## IGFAE experiments with quantum teleportation of information to open new doors to future cryptography

*The paradox of quantum technologies as the greatest threat and, at the same time, the only solution to guarantee the security of communications in the future is a huge and exciting field of research for the scientific community. Teleportation or quantum teleportation, with which the IGFAE is experimenting, is revealed as a tool with great potential to contribute to the construction of highly secure communication infrastructures such as the one projected by the Complementary Quantum Communications Plan (PCCC) *

On September 8, 1966, the first episode of Star Trek was broadcast, featuring its famous *transporter*, a technology that allowed its characters to teleport instantly from one place to another. We don’t know if the screenwriters of the original version of this iconic series had any idea of quantum physics, but what we do know is that their teleportation fantasies were the utmost representation of science fiction for more than one generation.

Who knows what will happen in the future though at least according to the current laws of physics almost six decades later, this continues to be science fiction. It is not possible to do it with people or objects, but the novelty is that it is feasible when it comes to information, thanks to quantum mechanics. “Instead of transferring the object itself, what is transmitted is its information, using quantum entangled particles. Although it is a real process, it is not instantaneous and still limited by the speed of light,” explains Juan Santos, a researcher at the Galician Institute of High Energy Physics (IGFAE) of the University of Santiago de Compostela (USC).

It is about quantum teleportation (a common denomination in the academic environment), a complex phenomenon that is being explored by the scientific community with all the limitations implied by being a recent field of knowledge. The first research dates back to the 1990s, although the relevance of its potential to contribute decisively to the advancement of quantum technologies is already undeniable.

At the Department of Particle Physics in the Area of Theoretical Physics of the IGFAE, Juan Santos seeks to do his part in this field by opening new paradigms from the knowledge bases. “It is important to point out that this work is not experimental, but theoretical. It is inspired by conjectures and not yet fully understood relationships between gravity and quantum physics,” he specifies. “In particular, we rely on holography, a theoretical proposal that suggests that gravity in curved spaces is related to quantum systems in fewer dimensions. These ideas, while speculative, offer promising clues as to how information could be efficiently propagated by taking advantage of quantum chaos.”

It may sound strange that chaos holds the key to achieve security in information transport. Still, the quantum world is governed by laws that are often paradoxical when seen from our linear logic. In particular, researchers like Santos want to understand how the chaotic dynamics of a physical system can be harnessed to process and transfer information. The ultimate goal is to improve understanding of what for now are just theoretical conjectures to develop new ways of manipulating information, with potentially profound implications for quantum computing and, especially, quantum communications.

**Chaos behind order**

In quantum physics, chaos refers to the rate at which a perturbation in a particular part of a many-body system is distributed throughout it. “In quantum teleportation, this chaos is responsible for dissolving the signal that is to be sent through the sender system. Although it seems that the signal has been lost because it is scattered throughout the system, in reality, it is still there, only in a coded form,” explains Santos.

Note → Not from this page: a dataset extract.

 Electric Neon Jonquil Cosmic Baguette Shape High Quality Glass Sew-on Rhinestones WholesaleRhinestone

To understand this, reference should be made to one of the key properties of quantum mechanics: entanglement, which appears in quantum systems with more than one particle. In essence, it is a phenomenon whereby two or more quantum particles become interdependent, so that the state of one is directly related to that of the other or others, regardless of the distance separating them.

“The quantum rules allow for stronger correlations between particles than in classical physics. When it comes to teleportation, a highly entangled type of quantum state is used, shared between the sender and receiver. Once the two parties are ready, the signal to be sent is introduced into the sender system and then dissolves in it due to its chaotic dynamics,” explains the IGFAE researcher. This means that, temporarily, the information cannot be recovered without access to the entire system. “It can be understood as a kind of encryption that appears naturally due to the chaos.”

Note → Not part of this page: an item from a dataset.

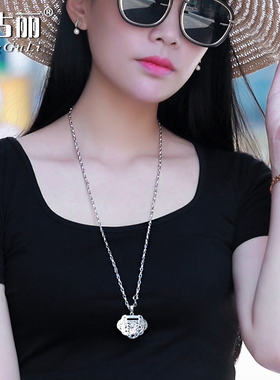 925银项链毛衣链无吊坠银链子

This occurs because the signal is inaccessible until the moment it reappears. The key to recovering the information lies in the fact that entanglement will make the receiver system act as a mirror of the sender “in which things happen in reverse, as if rewinding a film,” illustrates Santos, explaining how the information reappears in the receiver system.

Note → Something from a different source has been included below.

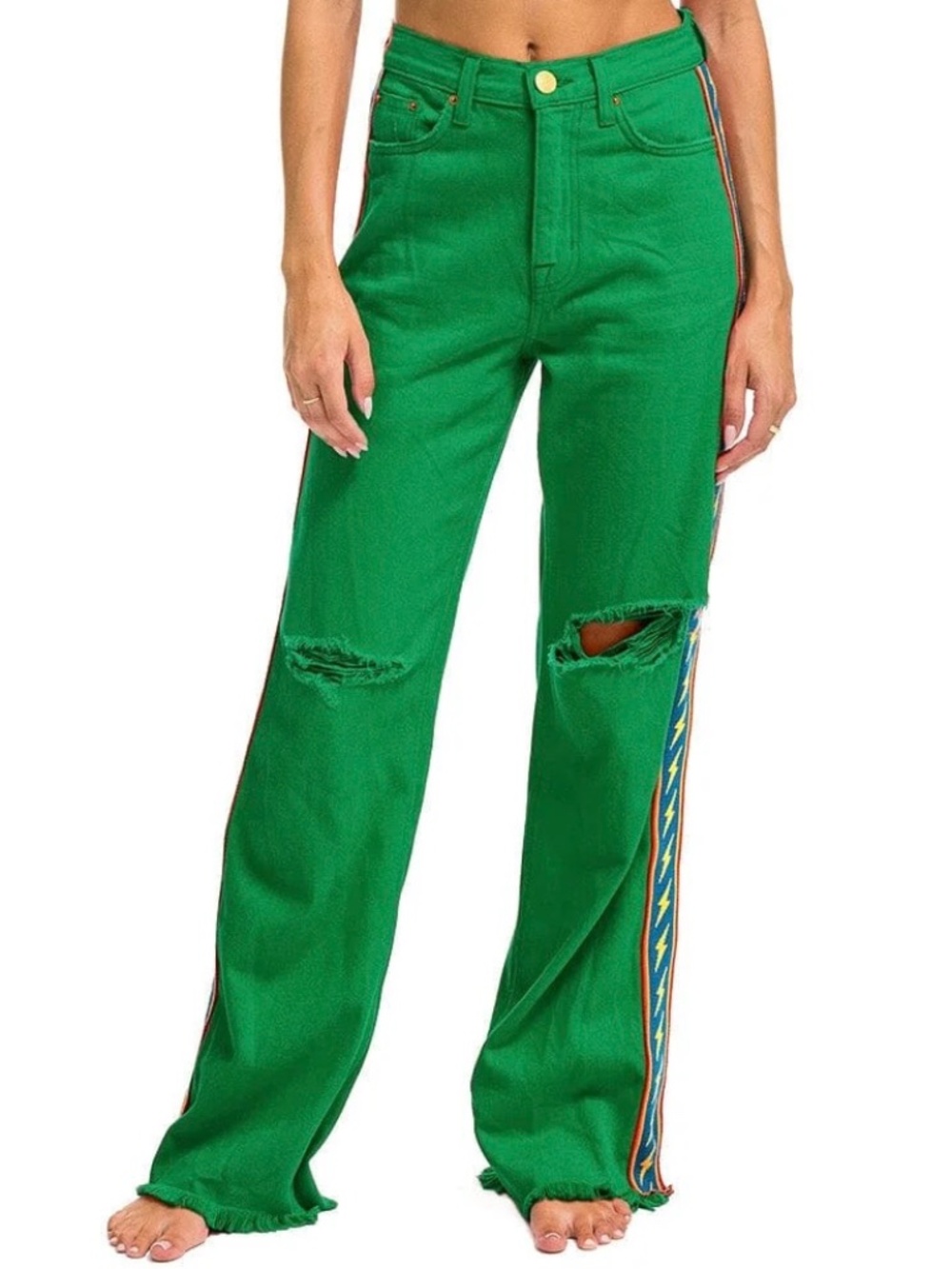 Aviator Nation NWT Bolt Stripe Hi Rise Wide-Leg Gypsy Jean (29) - Picture 8 of 16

The fact that chaos can be used as an encryption tool anticipates potential applications for protecting the security of large-scale communications. “In particular, we could think of a quantum internet in which a set of connected devices is the system with chaotic dynamics. Thus, based on such kind of protocols, perhaps information could be sent securely since it would only be accessible to the sender and receiver,” describes the researcher. Therefore, the results of this project could contribute to solving the great paradox that implies that quantum technologies are, at the same time, the greatest threat yet the solution to the security of our communications.

**Quantum simulation**

The experiments that are part of this research are only theoretical because it is still impossible to physically realize the processes in the laboratory, mostly because chaos-mediated quantum teleportation requires very precise control of the largest possible quantum systems. Until that point is reached, the solution is to simulate these phenomena on a computer. And to simulate quantum processes, you must use quantum computers.

“In a classical simulation, a conventional computer performs the mathematical calculations needed to solve a physical problem. What happens is that when simulating quantum systems, the computational resources required increase exponentially, making it impossible to study sufficiently large systems,” explains Santos. The alternative is quantum simulation, which is capable of recreating these systems, precisely by applying the laws of quantum physics.

In any case, being something so new and complex, the researcher adds that “creativity is needed when designing the experiment, it is not always obvious what kind of processes must be carried out to draw any significant conclusions.”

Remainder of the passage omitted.